Pope condemns Israeli airstrikes in Gaza: ‘This is cruelty. This is not war’

Pope Francis again condemns Israeli airstrikes in Gaza, a day after an Israeli government minister publicly denounced the pontiff for suggesting the global community should study whether the military offensive there constitutes a “genocide” of the Palestinian people.
Francis opened his annual Christmas address to the Catholic cardinals who lead the Vatican’s various departments with what appeared to be a reference to Israeli airstrikes on Friday.
“Yesterday, children were bombed,” says the pope. “This is cruelty. This is not war. I wanted to say this because it touches the heart.”
The pope, as leader of the 1.4-billion-member Roman Catholic Church, is usually careful about taking sides in conflicts but has recently been more outspoken about Israel’s military campaign against Palestinian terror group Hamas.
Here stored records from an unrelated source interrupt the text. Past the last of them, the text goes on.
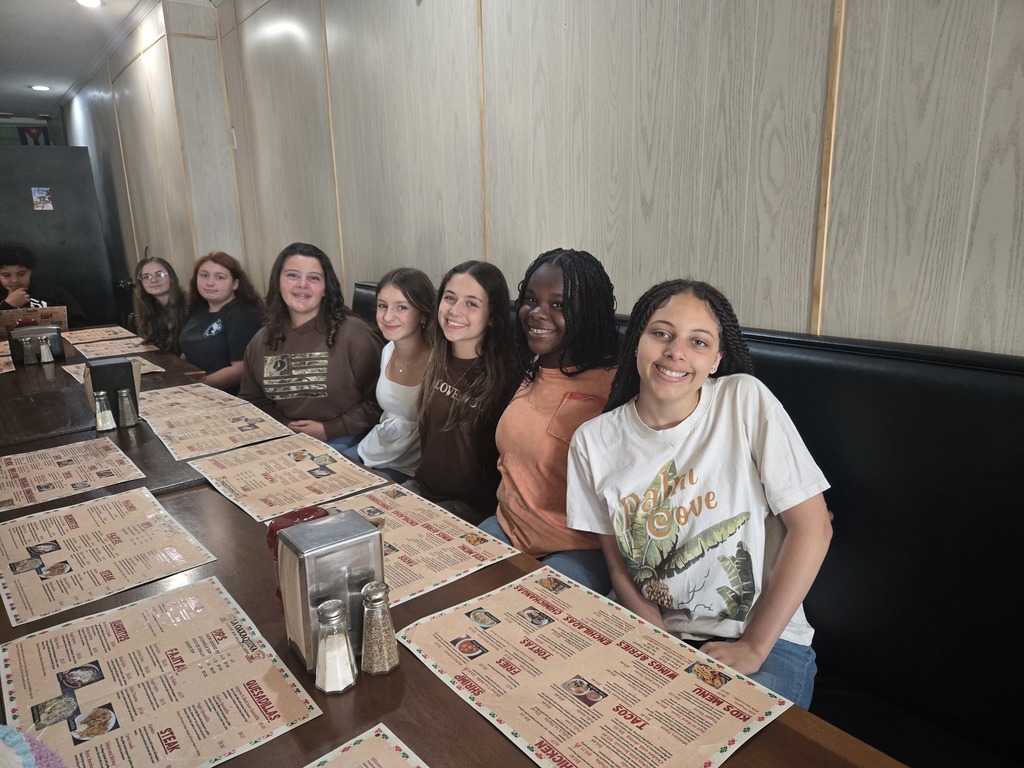 Yearbook students attend the End-of-the-Year Luncheon!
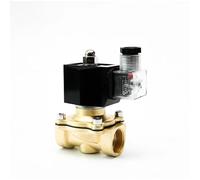 WQGQPXOB 3/8" Brass Electric Solenoid Valve IP65 Waterproof Normally Closed with LED Power Indicato24V 12V 220V 110V(BSP-240VAC-NBR-SEAL)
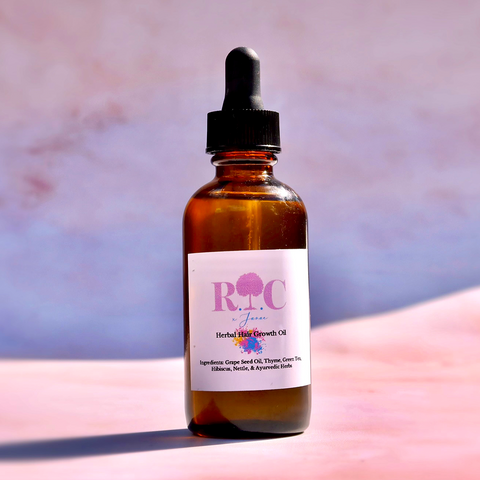 herbal infused hair growth oil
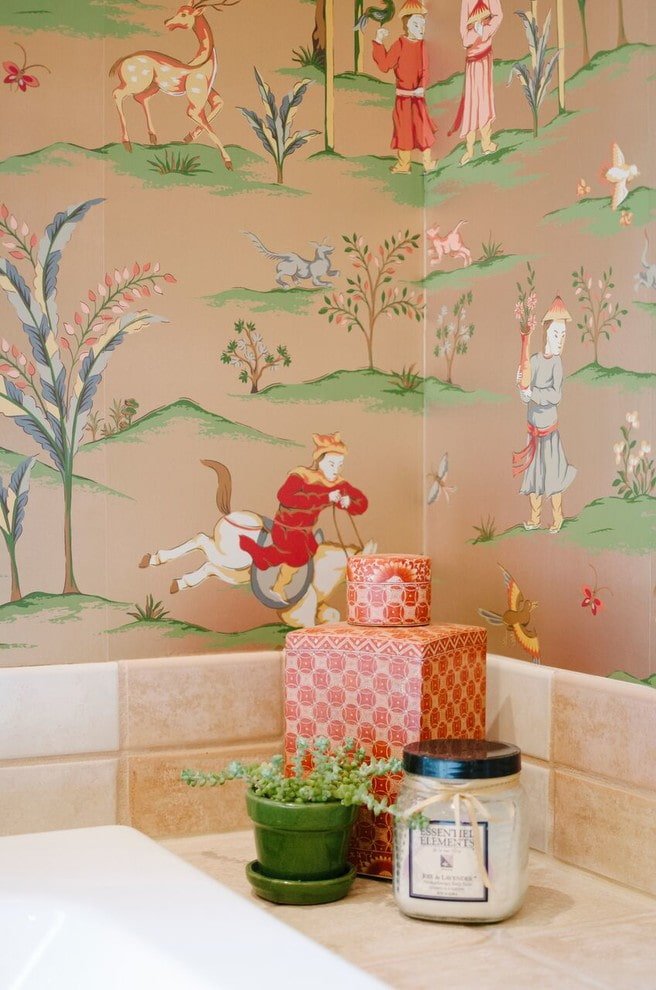 Papel pintado de estilo japonés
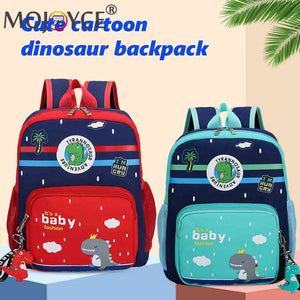 Kids Dinosaur Nylon Schoolbag Cute Backpack for Boy Girl Kindergarten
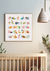 Quadro Decorativo Infantil Alfabeto ABC Bichos Coloridos na internet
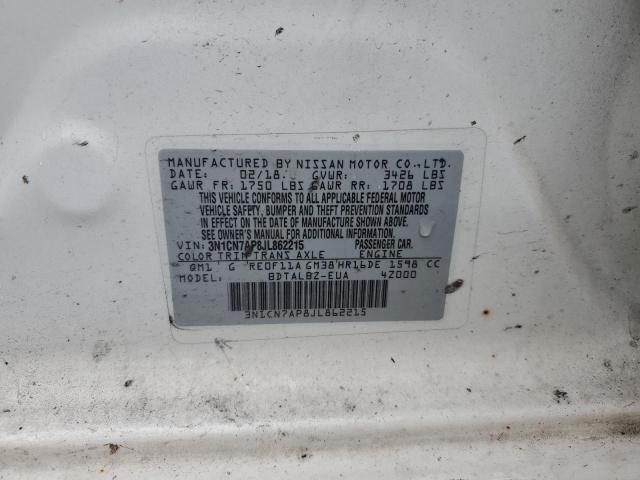 2018 NISSAN VERSA S #3311676219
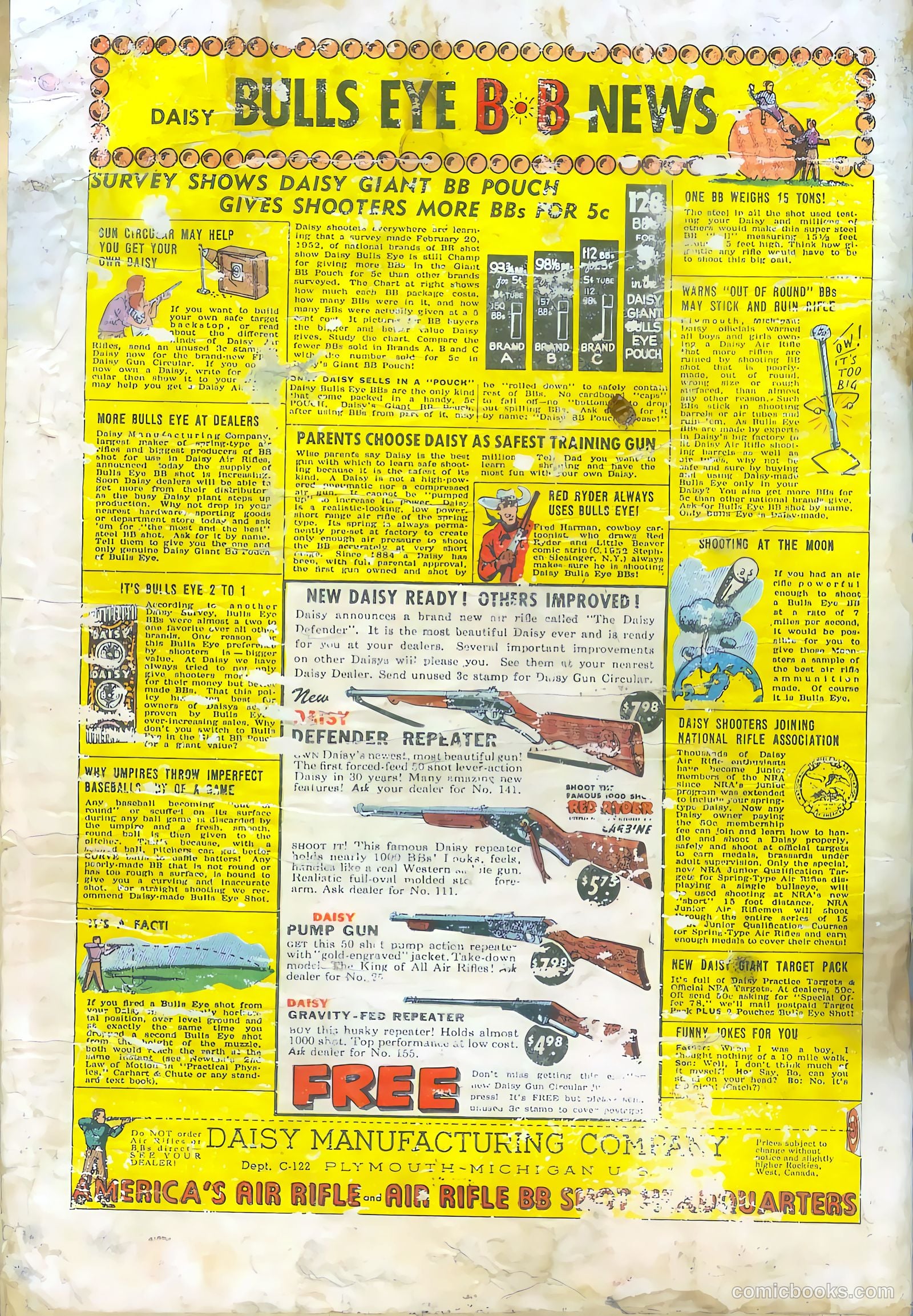 Mike Barnett, Man Against Crime #6 — page 36 of 36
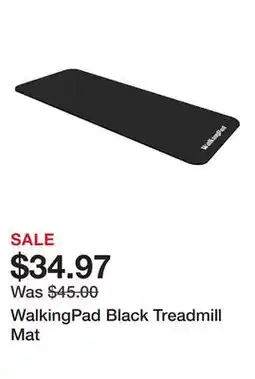 Dick's Sporting Goods WalkingPad Black Treadmill Mat offer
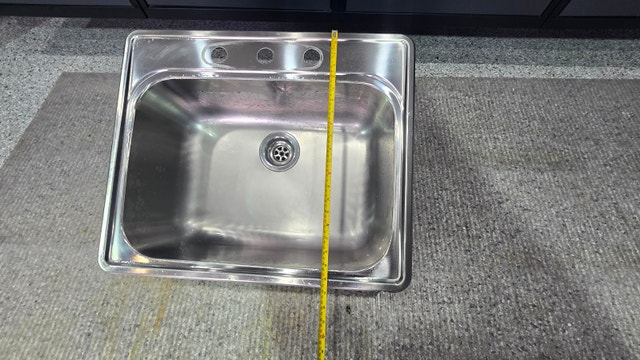 25" Blanco stainless steel single bowl drop-in laundry sink - photo 3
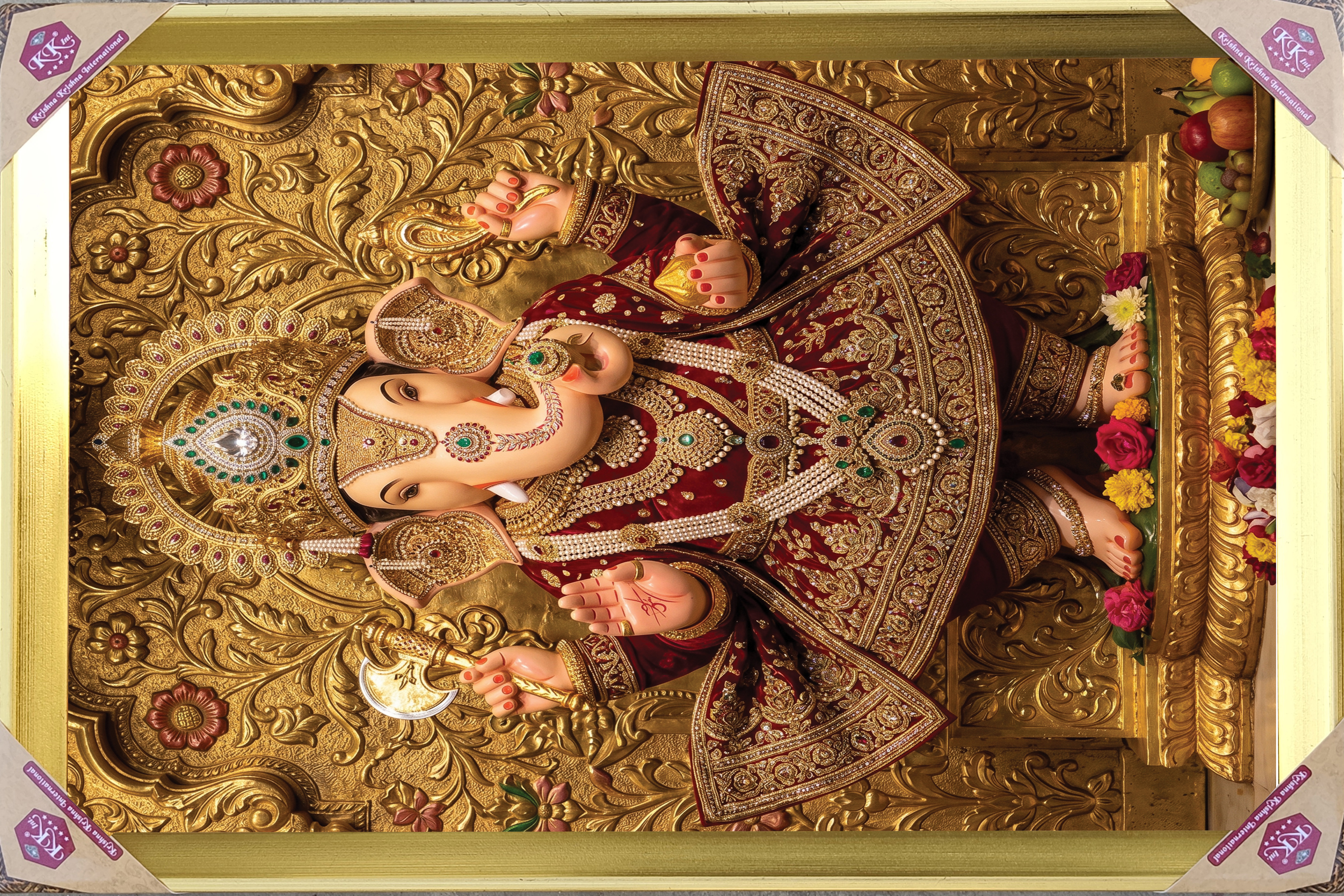 Metallic Gold__Krishna Krishna International
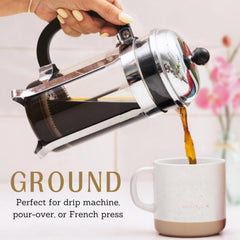 HAWAIIAN ISLES COFFEE brewed cup of hazelnut light roast showing rich aroma and smooth taste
In book excerpts published last month, the pontiff said some international experts said that “what is happening in Gaza has the characteristics of a genocide.”
Diaspora Affairs Minister Amichai Chikli sharply criticized those comments in an unusual open letter published by Italian newspaper Il Foglio yesterday. Chikli said the pope’s remarks amounted to a “trivialization” of the term genocide.
Israel categorically rejects that characterization of its conduct in the ongoing war, which began on October 7, 2023, when thousands of Hamas-led terrorists invaded southern Israel, killing some 1,200 people and taking 251 hostages, amid acts of brutality and sexual assault.
The Times of Israel Community.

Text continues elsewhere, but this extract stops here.